При этом совершенно самостоятельной задачей станет также стремление «считать» максимально упрощенный «сюжетный» пласт текста, увидеть его «скелет», в паре предложений ответить на примитивные вопросы: Кто? Что? Когда? Где? Почему? Простота и сложность, непосредственно данное и метафорически трансформированное оказываются в необходимо зависимых отношениях друг с другом. Критик осознает неразрешимую сложность текста именно на фоне сюжетно-тематического упрощенчества, наипримитивнейшего из всех систематических упражнений в анализе литературного произведения, которым часто злоупотребляют учителя старших классов и адепты женских литературных клубов.
По этому поводу не без иронии размышляет К. Брукс в своей работе The Language of Paradox («Язык парадокса», 1949). Называя парадокс «языком, свойственным поэзии и неизбежным для поэтического творчества»[146], Брукс прямо манифестирует тематическую простоту и парадоксальную сложность всякой большой поэзии. Конечно, Джон Донн в своей «Канонизации» «…мог бы сказать прямо: «С милым рай и в шалаше». «Канонизация» содержит этот восхитительный тезис, но… идет гораздо дальше не только в великолепии поэтического достоинства, но и своей необыкновенной точностью»[147]. Что же мыслится как «достоинство» и «точность»? Последовательное развитие парадоксального тезиса в разнообразии свойств авторской системы, в которой святость в каноническом смысле одновременно профанируется и утверждается святостью возлюбленных. Последнее станет очевидностью (?!) в интерпретаторской логике Брукса, тщательно истолковывающего метаморфозы слов и смыслов стихотворения Донна.
Из этого примера явственно следует значимость функционально-семантического и аналитического аспектов в аксиологии чтения. Здесь-то и заявляет о себе стадия структурного анализа, которая призвана выявить реляции между словами и другими элементами текста.
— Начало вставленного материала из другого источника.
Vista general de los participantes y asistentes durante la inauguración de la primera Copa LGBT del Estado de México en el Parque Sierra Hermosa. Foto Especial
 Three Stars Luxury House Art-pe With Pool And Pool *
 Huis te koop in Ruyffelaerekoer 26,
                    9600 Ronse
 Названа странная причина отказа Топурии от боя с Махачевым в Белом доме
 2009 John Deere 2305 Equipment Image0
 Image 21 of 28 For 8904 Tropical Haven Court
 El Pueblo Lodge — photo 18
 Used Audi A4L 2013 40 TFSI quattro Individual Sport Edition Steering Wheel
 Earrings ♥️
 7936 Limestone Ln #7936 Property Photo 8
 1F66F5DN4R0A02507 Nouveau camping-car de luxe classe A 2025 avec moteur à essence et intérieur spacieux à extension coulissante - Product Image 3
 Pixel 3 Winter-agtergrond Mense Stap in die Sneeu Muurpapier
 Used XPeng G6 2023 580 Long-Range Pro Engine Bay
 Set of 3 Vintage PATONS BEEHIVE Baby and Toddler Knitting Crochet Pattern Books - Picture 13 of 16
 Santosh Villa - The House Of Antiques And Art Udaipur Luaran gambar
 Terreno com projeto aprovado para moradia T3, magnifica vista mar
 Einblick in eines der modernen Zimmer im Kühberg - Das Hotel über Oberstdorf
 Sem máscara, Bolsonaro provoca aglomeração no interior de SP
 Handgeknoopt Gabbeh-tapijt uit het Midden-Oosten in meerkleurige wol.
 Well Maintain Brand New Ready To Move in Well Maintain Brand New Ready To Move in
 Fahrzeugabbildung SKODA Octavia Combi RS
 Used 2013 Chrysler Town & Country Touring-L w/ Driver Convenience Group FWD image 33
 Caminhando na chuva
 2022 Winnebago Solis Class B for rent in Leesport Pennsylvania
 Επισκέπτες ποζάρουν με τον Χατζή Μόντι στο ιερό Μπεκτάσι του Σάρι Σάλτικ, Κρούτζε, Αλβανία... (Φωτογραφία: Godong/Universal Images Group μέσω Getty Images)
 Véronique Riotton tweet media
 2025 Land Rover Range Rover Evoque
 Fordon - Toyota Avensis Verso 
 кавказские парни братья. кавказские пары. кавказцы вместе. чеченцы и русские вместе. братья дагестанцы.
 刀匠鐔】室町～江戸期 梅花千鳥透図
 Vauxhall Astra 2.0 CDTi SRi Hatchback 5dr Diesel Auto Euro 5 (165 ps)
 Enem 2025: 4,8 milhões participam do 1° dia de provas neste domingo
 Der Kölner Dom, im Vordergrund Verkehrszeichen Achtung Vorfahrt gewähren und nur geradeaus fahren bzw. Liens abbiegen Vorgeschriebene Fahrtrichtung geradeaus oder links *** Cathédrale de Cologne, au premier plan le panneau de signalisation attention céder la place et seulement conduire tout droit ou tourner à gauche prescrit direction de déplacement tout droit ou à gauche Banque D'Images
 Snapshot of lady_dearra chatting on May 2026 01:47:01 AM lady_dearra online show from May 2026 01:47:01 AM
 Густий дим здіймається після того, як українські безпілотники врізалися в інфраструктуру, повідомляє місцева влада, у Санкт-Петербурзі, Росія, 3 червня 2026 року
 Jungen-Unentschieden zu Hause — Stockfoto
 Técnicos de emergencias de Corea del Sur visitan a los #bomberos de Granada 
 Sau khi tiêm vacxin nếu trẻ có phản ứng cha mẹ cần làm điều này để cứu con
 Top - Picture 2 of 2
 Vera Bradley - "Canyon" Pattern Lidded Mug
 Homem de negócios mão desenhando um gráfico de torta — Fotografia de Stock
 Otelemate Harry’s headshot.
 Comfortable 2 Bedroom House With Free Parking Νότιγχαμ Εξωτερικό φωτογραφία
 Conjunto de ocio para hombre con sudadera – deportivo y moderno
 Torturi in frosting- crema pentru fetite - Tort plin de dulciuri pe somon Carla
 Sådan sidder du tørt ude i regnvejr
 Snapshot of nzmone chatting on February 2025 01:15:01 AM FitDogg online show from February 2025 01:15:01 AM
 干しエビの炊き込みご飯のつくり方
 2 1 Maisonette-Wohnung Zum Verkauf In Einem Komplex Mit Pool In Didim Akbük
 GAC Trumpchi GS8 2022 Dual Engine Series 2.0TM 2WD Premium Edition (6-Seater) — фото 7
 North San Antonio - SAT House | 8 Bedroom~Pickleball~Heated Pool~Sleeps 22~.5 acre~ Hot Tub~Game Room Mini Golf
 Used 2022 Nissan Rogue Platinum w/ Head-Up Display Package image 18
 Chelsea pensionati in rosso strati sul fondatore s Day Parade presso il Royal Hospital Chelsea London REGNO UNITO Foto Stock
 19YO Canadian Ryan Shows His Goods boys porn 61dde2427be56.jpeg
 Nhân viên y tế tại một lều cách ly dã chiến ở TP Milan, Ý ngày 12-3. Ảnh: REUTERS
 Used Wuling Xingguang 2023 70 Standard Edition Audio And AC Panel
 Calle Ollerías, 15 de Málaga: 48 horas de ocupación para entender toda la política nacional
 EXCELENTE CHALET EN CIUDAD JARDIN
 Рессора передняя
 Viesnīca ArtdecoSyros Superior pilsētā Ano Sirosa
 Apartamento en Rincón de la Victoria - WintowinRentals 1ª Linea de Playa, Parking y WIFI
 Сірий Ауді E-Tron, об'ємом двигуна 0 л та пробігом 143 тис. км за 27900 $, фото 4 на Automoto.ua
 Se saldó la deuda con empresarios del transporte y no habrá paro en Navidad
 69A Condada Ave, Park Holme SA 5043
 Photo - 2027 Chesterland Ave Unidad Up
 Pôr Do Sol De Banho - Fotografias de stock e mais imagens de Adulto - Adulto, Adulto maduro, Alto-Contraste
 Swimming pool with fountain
Теперь литературовед в филологе сознает свою «самость» — призвание к интерпретации сотен словарных значений слов и идиом, включая иностранные и архаические, способность к трактовке выявленных литературных аллюзий.
Из глосс вырастает концепция интерпретатора, который вместе с текстом обретает свой собственный «профиль». Таким образом, искомая объективность метода в той или иной степени корректируется глубиной или остроумием оцельняющей версии критика. Отсюда недалеко до «неразрешимости» (по П. де Ману) как одного из кредо де-конструктивистов, наследников «пристального чтения», и позиций современной критики читательского отклика.
Приведем пример текстологического тщания, интерпретационной нацеленности и… «неразрешимости» текста. В знаменитом стихотворении Вордсворта, посвященном смерти Люси, есть слово diurnal (пер. сангл. 1) дневной, действующий днем 2) а) ежедневный, каждодневный б) суточный). Кстати, о «ереси парафраза»: Маршак в своем не менее известном переводе столь значимую лексему опускает.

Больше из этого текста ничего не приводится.